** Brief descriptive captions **
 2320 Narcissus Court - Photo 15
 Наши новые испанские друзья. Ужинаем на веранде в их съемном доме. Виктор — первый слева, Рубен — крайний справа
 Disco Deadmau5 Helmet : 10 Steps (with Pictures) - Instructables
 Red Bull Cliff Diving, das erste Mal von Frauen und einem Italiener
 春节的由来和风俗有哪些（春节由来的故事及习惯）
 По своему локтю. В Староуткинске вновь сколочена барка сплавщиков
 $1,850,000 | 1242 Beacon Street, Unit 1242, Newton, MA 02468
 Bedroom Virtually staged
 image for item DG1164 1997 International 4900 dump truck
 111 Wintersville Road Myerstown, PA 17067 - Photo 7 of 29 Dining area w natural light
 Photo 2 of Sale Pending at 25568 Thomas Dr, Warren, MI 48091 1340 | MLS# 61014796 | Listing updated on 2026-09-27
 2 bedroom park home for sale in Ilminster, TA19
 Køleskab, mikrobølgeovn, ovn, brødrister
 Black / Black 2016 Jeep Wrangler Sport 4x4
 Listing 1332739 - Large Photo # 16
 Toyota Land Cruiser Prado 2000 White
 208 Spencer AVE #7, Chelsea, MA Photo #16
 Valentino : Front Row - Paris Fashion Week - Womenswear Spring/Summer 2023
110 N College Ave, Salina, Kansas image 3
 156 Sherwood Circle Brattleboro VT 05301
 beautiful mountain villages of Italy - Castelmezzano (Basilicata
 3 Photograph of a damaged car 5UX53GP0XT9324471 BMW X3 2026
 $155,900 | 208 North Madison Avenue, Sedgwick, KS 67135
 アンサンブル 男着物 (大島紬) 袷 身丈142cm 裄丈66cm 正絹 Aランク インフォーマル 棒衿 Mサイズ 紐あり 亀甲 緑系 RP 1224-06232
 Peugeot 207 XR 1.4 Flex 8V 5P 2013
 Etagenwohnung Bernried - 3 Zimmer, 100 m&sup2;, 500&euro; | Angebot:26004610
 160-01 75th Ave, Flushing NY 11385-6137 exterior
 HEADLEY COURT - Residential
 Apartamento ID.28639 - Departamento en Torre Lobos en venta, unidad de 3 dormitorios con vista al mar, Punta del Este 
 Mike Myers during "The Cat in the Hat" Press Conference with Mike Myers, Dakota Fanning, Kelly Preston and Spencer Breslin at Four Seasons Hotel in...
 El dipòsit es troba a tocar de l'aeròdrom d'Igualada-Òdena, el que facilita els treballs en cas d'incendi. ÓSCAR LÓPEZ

** ASSIGNMENT **
Take the entries above and copy them exactly from the first line through the line with "beautiful mountain villages"; leave out every line after it.

** ANSWER TO THE PROBLEM **
 2320 Narcissus Court - Photo 15
 Наши новые испанские друзья. Ужинаем на веранде в их съемном доме. Виктор — первый слева, Рубен — крайний справа
 Disco Deadmau5 Helmet : 10 Steps (with Pictures) - Instructables
 Red Bull Cliff Diving, das erste Mal von Frauen und einem Italiener
 春节的由来和风俗有哪些（春节由来的故事及习惯）
 По своему локтю. В Староуткинске вновь сколочена барка сплавщиков
 $1,850,000 | 1242 Beacon Street, Unit 1242, Newton, MA 02468
 Bedroom Virtually staged
 image for item DG1164 1997 International 4900 dump truck
 111 Wintersville Road Myerstown, PA 17067 - Photo 7 of 29 Dining area w natural light
 Photo 2 of Sale Pending at 25568 Thomas Dr, Warren, MI 48091 1340 | MLS# 61014796 | Listing updated on 2026-09-27
 2 bedroom park home for sale in Ilminster, TA19
 Køleskab, mikrobølgeovn, ovn, brødrister
 Black / Black 2016 Jeep Wrangler Sport 4x4
 Listing 1332739 - Large Photo # 16
 Toyota Land Cruiser Prado 2000 White
 208 Spencer AVE #7, Chelsea, MA Photo #16
 Valentino : Front Row - Paris Fashion Week - Womenswear Spring/Summer 2023
110 N College Ave, Salina, Kansas image 3
 156 Sherwood Circle Brattleboro VT 05301
 beautiful mountain villages of Italy - Castelmezzano (Basilicata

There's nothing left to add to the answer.